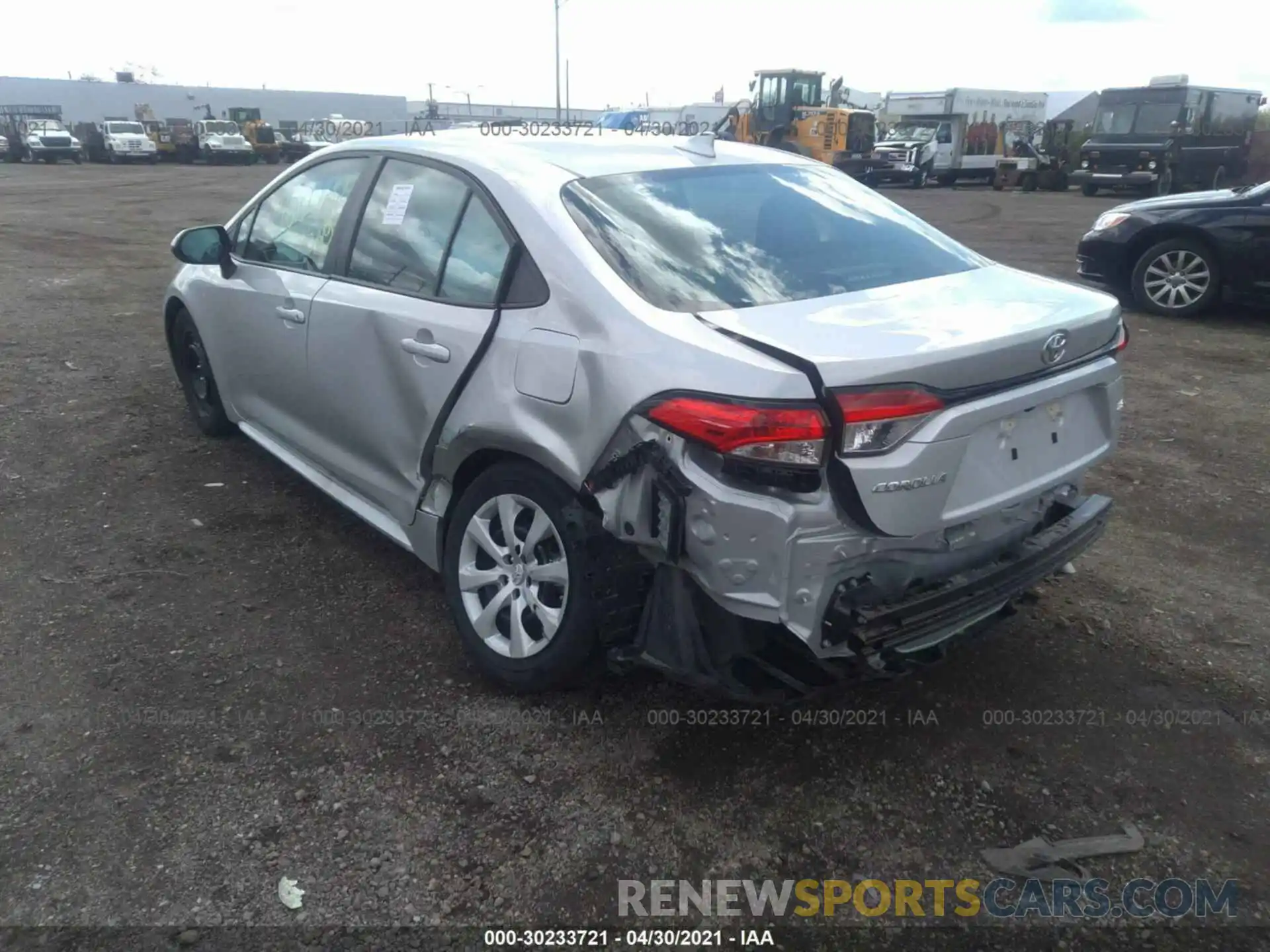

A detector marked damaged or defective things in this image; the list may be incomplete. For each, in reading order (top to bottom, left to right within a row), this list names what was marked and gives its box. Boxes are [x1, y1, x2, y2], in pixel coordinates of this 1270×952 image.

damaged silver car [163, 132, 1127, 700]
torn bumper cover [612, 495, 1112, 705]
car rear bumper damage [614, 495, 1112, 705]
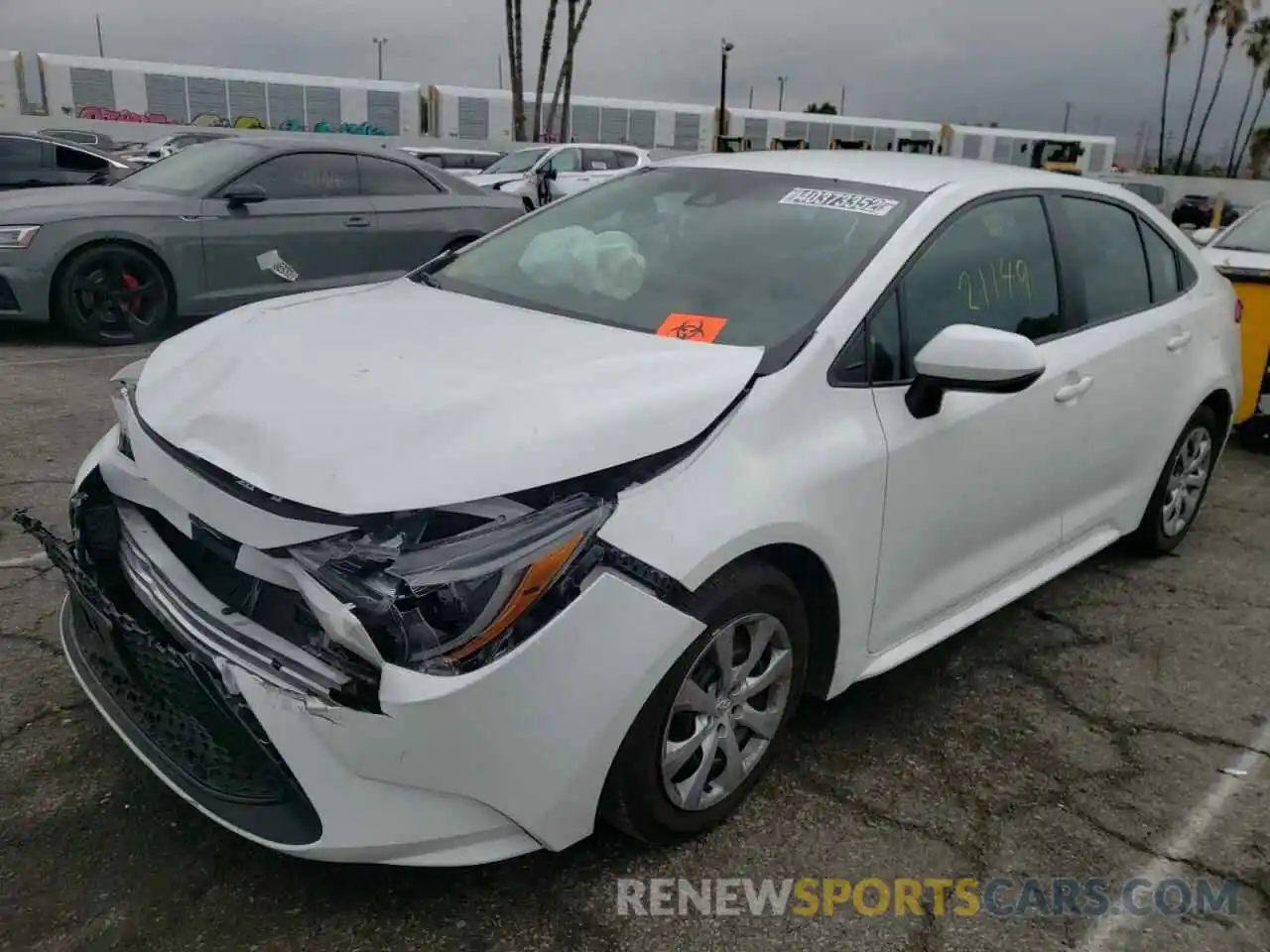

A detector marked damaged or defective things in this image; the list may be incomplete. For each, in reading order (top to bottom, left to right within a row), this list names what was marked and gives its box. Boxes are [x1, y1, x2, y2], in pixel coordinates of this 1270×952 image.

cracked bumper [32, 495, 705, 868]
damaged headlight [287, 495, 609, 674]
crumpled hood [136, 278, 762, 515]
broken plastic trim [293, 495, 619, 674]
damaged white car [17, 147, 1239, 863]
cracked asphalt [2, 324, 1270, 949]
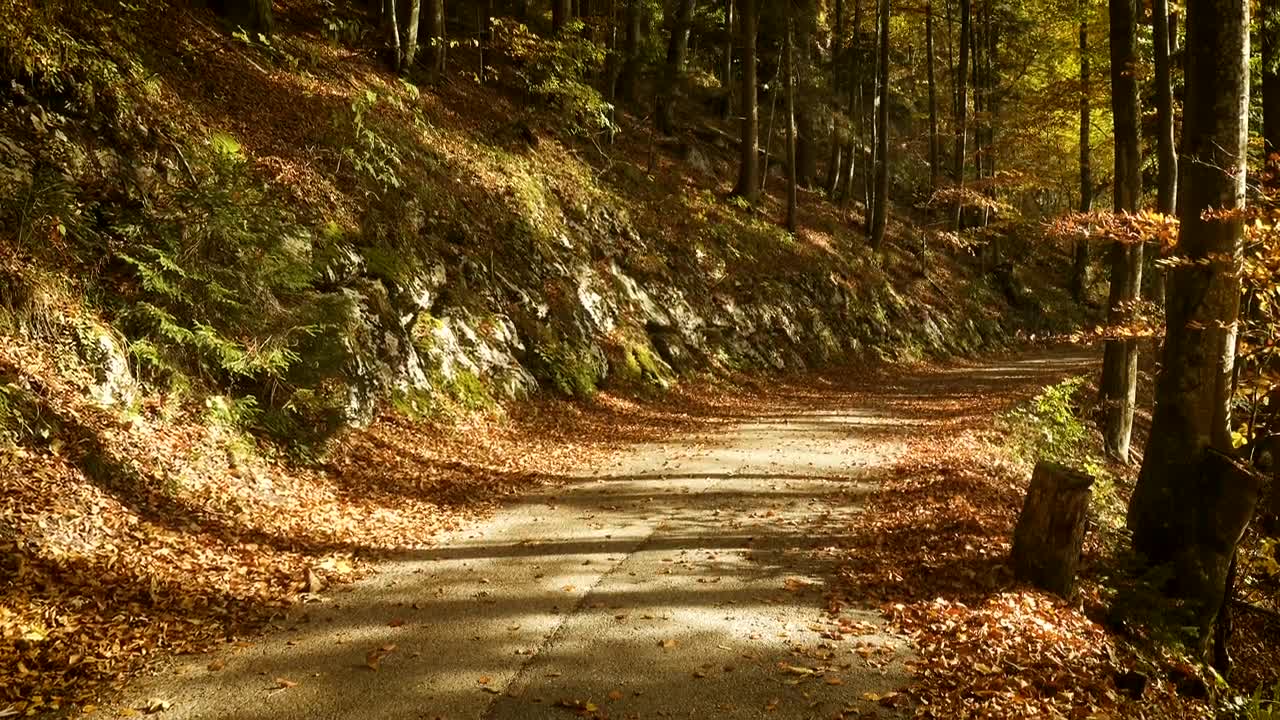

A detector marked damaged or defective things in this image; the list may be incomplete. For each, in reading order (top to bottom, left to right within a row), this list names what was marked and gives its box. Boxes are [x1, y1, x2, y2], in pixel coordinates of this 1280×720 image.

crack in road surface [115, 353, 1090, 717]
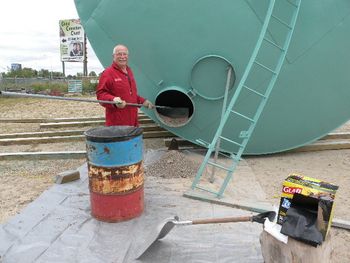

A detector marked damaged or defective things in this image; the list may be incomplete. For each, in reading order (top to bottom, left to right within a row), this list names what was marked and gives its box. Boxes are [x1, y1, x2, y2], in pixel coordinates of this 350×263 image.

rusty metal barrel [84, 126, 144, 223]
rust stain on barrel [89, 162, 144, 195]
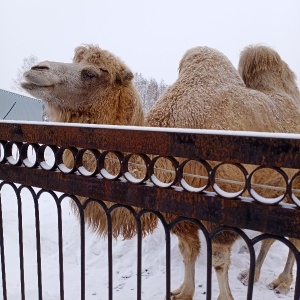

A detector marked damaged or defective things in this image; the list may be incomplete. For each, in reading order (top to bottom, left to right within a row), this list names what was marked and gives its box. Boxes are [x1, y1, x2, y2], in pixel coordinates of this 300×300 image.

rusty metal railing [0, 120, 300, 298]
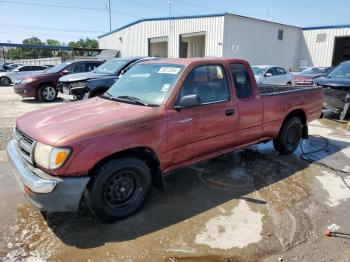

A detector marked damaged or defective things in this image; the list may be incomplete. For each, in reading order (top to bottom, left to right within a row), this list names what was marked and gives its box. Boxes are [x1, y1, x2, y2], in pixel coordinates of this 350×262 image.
______
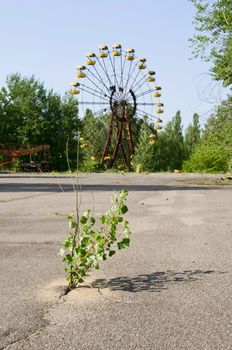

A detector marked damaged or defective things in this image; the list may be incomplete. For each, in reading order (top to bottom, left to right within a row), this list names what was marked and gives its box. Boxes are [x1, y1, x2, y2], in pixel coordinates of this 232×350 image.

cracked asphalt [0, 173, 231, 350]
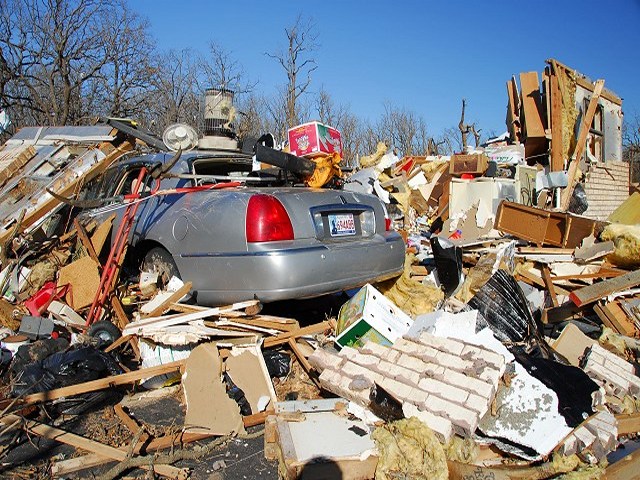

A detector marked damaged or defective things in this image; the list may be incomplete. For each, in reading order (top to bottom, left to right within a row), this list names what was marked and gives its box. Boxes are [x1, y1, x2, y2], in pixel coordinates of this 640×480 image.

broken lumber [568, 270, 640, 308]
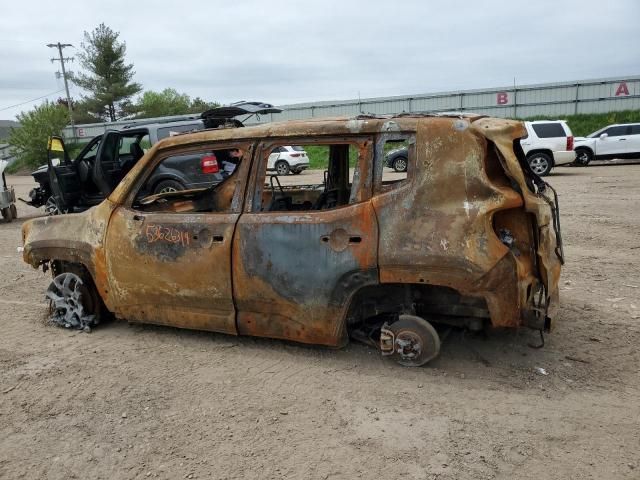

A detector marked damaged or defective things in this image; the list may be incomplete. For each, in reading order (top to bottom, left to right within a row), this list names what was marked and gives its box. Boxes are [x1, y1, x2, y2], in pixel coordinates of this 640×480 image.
______
## Task instructions
Nothing but the lines above from the one that has "this 350×263 image." down to the one that has "this 350×262 image." belongs in the answer, copied exactly, without pictures.

## Answer to the problem
A detector marked damaged or defective things in this image; the list may be incomplete. For each, in reading order (top to bottom, left to right within a row), this list names what was marked and gives its box. Boxes are [x1, y1, x2, y2], in pixel coordinates of this 350×263 image.

rusty metal barrel [84, 126, 144, 223]
rust stain on barrel [89, 162, 144, 195]

A detector marked damaged or defective things in this image; the list may be incomplete. For each, in reading order (top to bottom, left to right within a row), this list names what was marked and gives its box. Boxes are [x1, y1, x2, y2], in pixel coordinates of this 300×300 image.

rusty metal railing [0, 120, 300, 298]

A detector marked damaged or defective things in this image; the list may be incomplete. For each, in reading order (top to bottom, left to right within a row), this list names what was marked and gives its box. Boxes are [x1, y1, x2, y2], in pixel coordinates of this 350×262 image.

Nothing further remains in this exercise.